Many technologies that seemed like science fiction only a few years ago, are now becoming realities. Advanced prosthetics, exoskeletons, and other brain-computer interfaces. While these advances are encouraging, there are still many issues to workout. Interpreting signals from the brain is extremely difficult. Scanning the entire brain can usually be done noninvasively, but results in a noisy stream of information. Very precise areas of the brain can be monitored, but this usually requires surgically implanting some kind of device.

In recently presented work, a group based in Switzerland may have a solution to some of these issues. (via EurekaAlert) They've been developing a range of interfaces that work on a principle of shared control. Shared control is a relatively new concept in this field, and essentially means that's the machines themselves take part in the information processing.

Many prosthetics and other devices simply try to interpret raw neural signals, whether from a peripheral nerve or the brain directly. While software built into these devices does decode these signals, that only gets you so far. The primary limitation behind this approach is the fact that the brain only does so much.

Sure our brain, especially the cortex, is responsible for our ultimate decision-making. But turning that decision into action takes much more. The brain stem, spinal cord, and other pathways in the muscles themselves, all take part in the information processing. This complexity is what allows us to perform certain tasks in a very natural or intuitive way, even if our mind is distracted.

Going directly from brain signals to mechanical motion loses some of the nuance of normal brain control, and requires a great deal of concentration from the user. The various technologies that the Swiss team has been developing incorporated sensors and onboard processing. Using input from these sensors, as well as noninvasive EEG inputs from the users, these interfaces better interpret what is trying to be done from the context.

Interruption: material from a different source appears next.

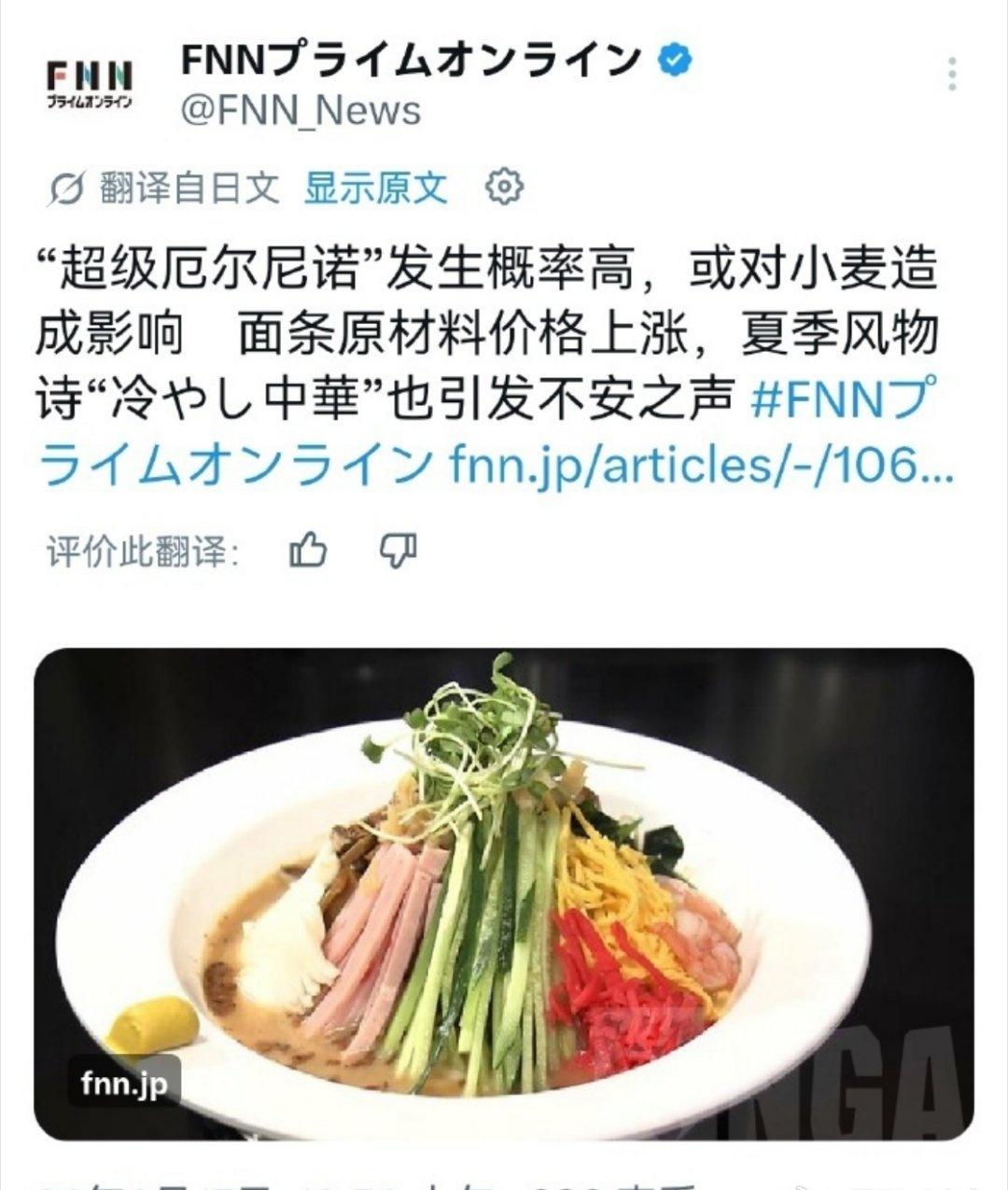 每天一个涨价理由，小本子居民有福啊 ​​​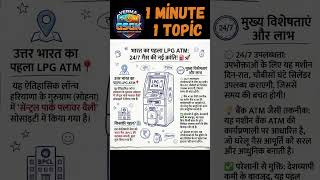भारत का पहला LPG ATM  #shortsfeed#shortsfeed #currentaffairs #uppcs2026 #ssc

So far this has resulted in better control in things like prosthetic arms, as well as brain controlled steering for wheelchairs and telepresence devices. Fine controlled skills such as writing were possible in prosthetics, and new environments were easily navigated after only nine training sessions with this interface. More testing is necessary but they think that a brain controlled wheelchair could become a potentially common device in the future. Shared control that relies on devices to help interpret context will likely become a growing trends in brain-computer interfaces and other prosthetic devices.